§ **Provided data**:
* * * * * * * * *

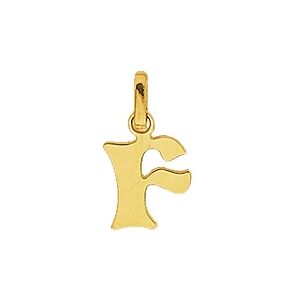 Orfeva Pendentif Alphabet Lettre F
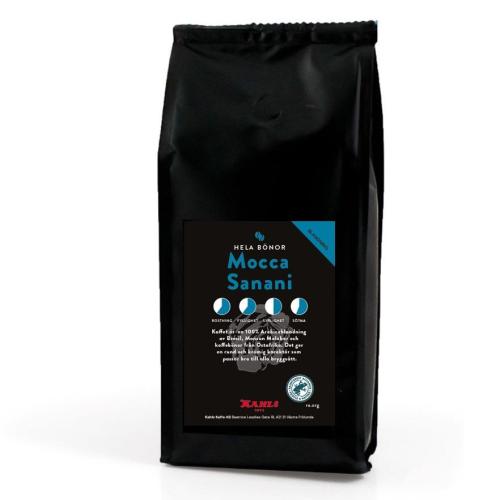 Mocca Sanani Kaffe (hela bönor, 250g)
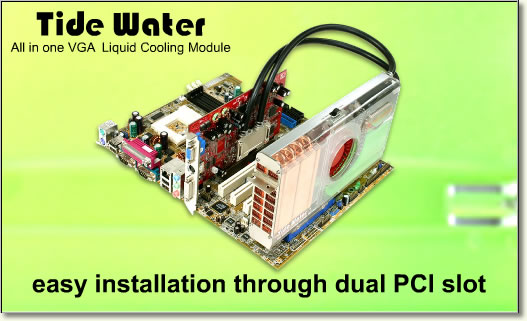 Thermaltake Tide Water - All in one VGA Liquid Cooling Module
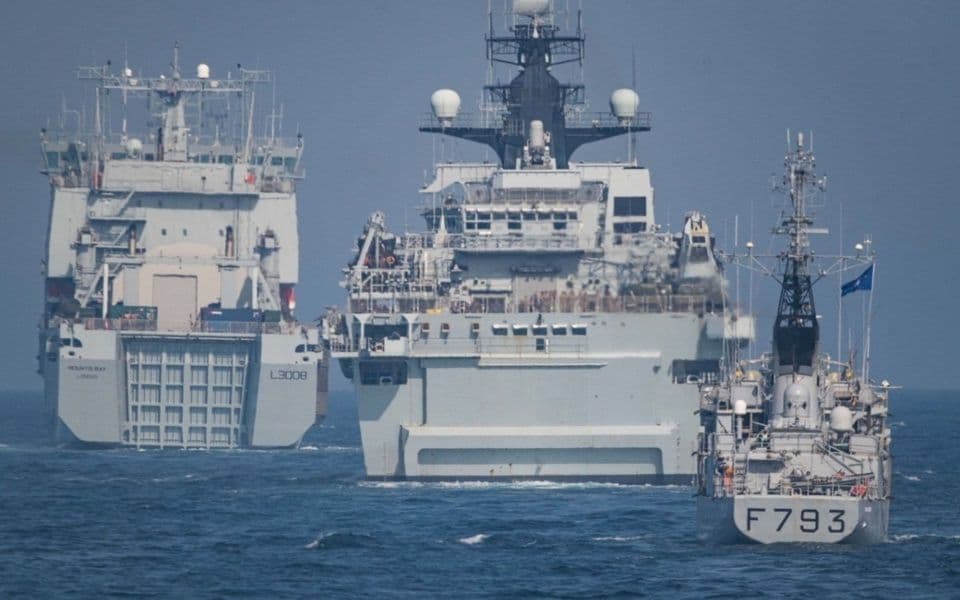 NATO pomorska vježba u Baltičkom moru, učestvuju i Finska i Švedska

* * * * * * * * *

§ **Work task**: Once the pictures are set aside, repeat the data above exactly.

§ **Written answer**:
 Orfeva Pendentif Alphabet Lettre F
 Mocca Sanani Kaffe (hela bönor, 250g)
 Thermaltake Tide Water - All in one VGA Liquid Cooling Module
 NATO pomorska vježba u Baltičkom moru, učestvuju i Finska i Švedska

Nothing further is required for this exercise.